[Data extracted from a collection]
________________________________________
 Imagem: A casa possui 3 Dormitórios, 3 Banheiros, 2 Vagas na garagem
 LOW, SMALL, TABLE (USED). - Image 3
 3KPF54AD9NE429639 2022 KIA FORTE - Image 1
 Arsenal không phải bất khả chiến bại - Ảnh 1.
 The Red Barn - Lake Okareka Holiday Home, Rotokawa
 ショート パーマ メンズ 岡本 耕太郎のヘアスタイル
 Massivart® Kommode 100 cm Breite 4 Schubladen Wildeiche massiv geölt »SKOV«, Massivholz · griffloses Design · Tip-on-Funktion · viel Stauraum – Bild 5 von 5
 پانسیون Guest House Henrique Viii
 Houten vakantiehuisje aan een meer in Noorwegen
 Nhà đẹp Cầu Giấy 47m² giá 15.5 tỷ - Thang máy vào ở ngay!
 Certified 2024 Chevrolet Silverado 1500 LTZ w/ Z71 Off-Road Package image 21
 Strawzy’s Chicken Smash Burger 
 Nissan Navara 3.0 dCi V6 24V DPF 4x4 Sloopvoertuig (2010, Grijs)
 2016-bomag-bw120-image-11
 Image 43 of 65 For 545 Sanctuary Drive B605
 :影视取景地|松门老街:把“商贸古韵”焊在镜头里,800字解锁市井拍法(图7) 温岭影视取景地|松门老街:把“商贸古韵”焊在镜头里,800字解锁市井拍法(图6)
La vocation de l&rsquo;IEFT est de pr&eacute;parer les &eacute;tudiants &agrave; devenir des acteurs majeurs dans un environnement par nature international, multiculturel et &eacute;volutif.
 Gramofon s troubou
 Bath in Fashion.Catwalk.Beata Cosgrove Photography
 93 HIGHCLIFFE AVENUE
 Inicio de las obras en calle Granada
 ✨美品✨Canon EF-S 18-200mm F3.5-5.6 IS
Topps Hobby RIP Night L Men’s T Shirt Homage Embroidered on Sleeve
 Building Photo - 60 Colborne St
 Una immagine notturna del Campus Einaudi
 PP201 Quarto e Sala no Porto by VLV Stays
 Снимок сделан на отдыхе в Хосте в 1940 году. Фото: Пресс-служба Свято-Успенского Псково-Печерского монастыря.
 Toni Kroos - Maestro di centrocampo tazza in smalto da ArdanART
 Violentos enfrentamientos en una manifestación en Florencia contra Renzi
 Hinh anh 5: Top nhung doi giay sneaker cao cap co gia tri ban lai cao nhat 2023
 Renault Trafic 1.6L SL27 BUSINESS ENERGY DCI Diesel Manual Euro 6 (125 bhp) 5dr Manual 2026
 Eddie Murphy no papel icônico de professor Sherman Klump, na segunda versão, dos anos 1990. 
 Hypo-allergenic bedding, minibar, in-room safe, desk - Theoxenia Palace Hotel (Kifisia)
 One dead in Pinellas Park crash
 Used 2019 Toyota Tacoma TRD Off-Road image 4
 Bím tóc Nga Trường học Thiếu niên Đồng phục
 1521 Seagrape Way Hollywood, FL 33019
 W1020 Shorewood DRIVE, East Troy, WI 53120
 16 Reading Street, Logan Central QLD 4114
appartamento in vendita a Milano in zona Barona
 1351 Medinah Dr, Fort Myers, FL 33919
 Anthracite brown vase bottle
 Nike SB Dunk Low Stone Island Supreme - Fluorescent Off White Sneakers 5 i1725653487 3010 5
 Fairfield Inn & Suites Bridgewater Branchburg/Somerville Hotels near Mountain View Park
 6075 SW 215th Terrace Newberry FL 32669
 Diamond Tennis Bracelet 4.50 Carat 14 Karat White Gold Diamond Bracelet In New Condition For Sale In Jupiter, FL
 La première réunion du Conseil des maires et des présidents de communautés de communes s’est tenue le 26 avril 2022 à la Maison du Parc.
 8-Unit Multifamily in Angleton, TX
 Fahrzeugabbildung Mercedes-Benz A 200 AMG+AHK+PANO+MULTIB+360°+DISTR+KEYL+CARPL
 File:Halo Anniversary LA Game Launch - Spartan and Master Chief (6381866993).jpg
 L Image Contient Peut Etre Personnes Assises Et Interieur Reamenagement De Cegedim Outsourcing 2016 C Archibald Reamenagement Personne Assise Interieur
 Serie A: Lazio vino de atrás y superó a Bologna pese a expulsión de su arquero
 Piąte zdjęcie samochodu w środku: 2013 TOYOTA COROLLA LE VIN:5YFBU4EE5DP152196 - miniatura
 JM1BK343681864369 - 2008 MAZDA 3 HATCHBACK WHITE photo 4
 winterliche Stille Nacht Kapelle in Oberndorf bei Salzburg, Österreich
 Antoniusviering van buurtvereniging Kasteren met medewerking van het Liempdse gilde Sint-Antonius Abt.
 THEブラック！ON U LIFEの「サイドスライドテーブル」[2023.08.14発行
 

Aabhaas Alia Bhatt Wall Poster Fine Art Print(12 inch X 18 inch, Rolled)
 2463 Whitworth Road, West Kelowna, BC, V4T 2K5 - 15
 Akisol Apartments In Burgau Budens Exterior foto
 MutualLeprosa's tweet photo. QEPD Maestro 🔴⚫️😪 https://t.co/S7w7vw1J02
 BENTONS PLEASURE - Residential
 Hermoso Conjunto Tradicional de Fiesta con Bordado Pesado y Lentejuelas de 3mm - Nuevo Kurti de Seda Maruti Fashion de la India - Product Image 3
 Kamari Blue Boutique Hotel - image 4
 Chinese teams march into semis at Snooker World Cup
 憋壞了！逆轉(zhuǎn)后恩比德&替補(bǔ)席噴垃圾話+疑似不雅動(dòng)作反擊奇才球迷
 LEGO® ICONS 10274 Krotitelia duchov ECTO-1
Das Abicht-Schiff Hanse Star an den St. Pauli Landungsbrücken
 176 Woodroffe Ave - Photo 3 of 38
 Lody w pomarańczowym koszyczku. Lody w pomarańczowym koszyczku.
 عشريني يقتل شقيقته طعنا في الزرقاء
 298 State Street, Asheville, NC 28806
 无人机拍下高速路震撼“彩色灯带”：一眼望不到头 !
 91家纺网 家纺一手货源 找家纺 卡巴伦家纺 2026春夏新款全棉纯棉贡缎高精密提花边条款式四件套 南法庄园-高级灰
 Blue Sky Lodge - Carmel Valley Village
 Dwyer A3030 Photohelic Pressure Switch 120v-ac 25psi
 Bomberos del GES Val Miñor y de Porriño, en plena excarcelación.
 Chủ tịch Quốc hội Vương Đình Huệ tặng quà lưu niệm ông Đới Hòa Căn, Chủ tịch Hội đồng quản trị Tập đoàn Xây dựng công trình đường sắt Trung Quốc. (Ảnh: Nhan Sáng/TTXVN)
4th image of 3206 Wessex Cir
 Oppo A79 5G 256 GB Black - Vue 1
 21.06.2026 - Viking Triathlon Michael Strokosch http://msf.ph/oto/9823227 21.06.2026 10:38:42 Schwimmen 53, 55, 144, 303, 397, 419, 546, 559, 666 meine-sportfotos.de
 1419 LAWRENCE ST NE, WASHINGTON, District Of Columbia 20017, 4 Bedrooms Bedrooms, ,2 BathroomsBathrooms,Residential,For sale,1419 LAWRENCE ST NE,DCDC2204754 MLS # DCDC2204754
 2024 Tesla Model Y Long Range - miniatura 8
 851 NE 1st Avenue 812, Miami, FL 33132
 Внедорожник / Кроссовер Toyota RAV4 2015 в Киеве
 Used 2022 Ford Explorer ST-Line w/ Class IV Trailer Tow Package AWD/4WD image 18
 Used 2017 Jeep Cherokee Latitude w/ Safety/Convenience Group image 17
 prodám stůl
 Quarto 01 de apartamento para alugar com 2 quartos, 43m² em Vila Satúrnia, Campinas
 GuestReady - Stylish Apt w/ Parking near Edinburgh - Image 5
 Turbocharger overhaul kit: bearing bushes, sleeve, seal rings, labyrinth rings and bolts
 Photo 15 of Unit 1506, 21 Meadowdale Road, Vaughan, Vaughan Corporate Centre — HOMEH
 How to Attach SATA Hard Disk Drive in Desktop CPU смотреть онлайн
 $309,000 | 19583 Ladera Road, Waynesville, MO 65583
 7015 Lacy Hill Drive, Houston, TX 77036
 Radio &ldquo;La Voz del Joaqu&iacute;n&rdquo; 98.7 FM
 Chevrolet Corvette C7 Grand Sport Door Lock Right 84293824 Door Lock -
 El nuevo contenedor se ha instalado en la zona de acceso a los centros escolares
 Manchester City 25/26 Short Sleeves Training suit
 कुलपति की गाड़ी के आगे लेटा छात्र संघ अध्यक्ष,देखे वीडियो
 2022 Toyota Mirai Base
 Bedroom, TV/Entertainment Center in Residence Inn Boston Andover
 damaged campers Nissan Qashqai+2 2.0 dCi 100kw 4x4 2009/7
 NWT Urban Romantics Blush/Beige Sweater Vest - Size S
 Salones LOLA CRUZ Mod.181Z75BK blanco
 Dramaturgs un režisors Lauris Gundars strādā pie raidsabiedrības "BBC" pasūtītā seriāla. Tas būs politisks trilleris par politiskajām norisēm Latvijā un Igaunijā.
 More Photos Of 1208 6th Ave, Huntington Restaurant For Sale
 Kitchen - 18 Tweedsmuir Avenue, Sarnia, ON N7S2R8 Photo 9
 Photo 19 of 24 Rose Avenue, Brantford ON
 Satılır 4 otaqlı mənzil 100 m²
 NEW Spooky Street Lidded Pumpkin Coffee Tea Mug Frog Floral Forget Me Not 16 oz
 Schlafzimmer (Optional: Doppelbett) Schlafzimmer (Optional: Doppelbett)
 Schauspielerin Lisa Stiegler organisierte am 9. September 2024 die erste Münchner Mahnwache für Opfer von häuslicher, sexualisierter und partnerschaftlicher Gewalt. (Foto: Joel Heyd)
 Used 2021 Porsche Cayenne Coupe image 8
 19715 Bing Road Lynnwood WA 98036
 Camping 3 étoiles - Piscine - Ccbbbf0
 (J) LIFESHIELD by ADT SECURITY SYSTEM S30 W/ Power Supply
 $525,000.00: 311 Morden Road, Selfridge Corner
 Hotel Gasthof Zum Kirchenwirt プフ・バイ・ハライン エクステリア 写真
________________________________________
# [TASK OBJECTIVE]
Could you reproduce, exactly, every line above from the line with "851 NE 1st Avenue 812, Miami, FL 33132" to the line with "Salones LOLA CRUZ Mod.181Z75BK blanco", and no other line? Both ends count.

# [EXPECTED ANSWER]
 851 NE 1st Avenue 812, Miami, FL 33132
 Внедорожник / Кроссовер Toyota RAV4 2015 в Киеве
 Used 2022 Ford Explorer ST-Line w/ Class IV Trailer Tow Package AWD/4WD image 18
 Used 2017 Jeep Cherokee Latitude w/ Safety/Convenience Group image 17
 prodám stůl
 Quarto 01 de apartamento para alugar com 2 quartos, 43m² em Vila Satúrnia, Campinas
 GuestReady - Stylish Apt w/ Parking near Edinburgh - Image 5
 Turbocharger overhaul kit: bearing bushes, sleeve, seal rings, labyrinth rings and bolts
 Photo 15 of Unit 1506, 21 Meadowdale Road, Vaughan, Vaughan Corporate Centre — HOMEH
 How to Attach SATA Hard Disk Drive in Desktop CPU смотреть онлайн
 $309,000 | 19583 Ladera Road, Waynesville, MO 65583
 7015 Lacy Hill Drive, Houston, TX 77036
 Radio &ldquo;La Voz del Joaqu&iacute;n&rdquo; 98.7 FM
 Chevrolet Corvette C7 Grand Sport Door Lock Right 84293824 Door Lock -
 El nuevo contenedor se ha instalado en la zona de acceso a los centros escolares
 Manchester City 25/26 Short Sleeves Training suit
 कुलपति की गाड़ी के आगे लेटा छात्र संघ अध्यक्ष,देखे वीडियो
 2022 Toyota Mirai Base
 Bedroom, TV/Entertainment Center in Residence Inn Boston Andover
 damaged campers Nissan Qashqai+2 2.0 dCi 100kw 4x4 2009/7
 NWT Urban Romantics Blush/Beige Sweater Vest - Size S
 Salones LOLA CRUZ Mod.181Z75BK blanco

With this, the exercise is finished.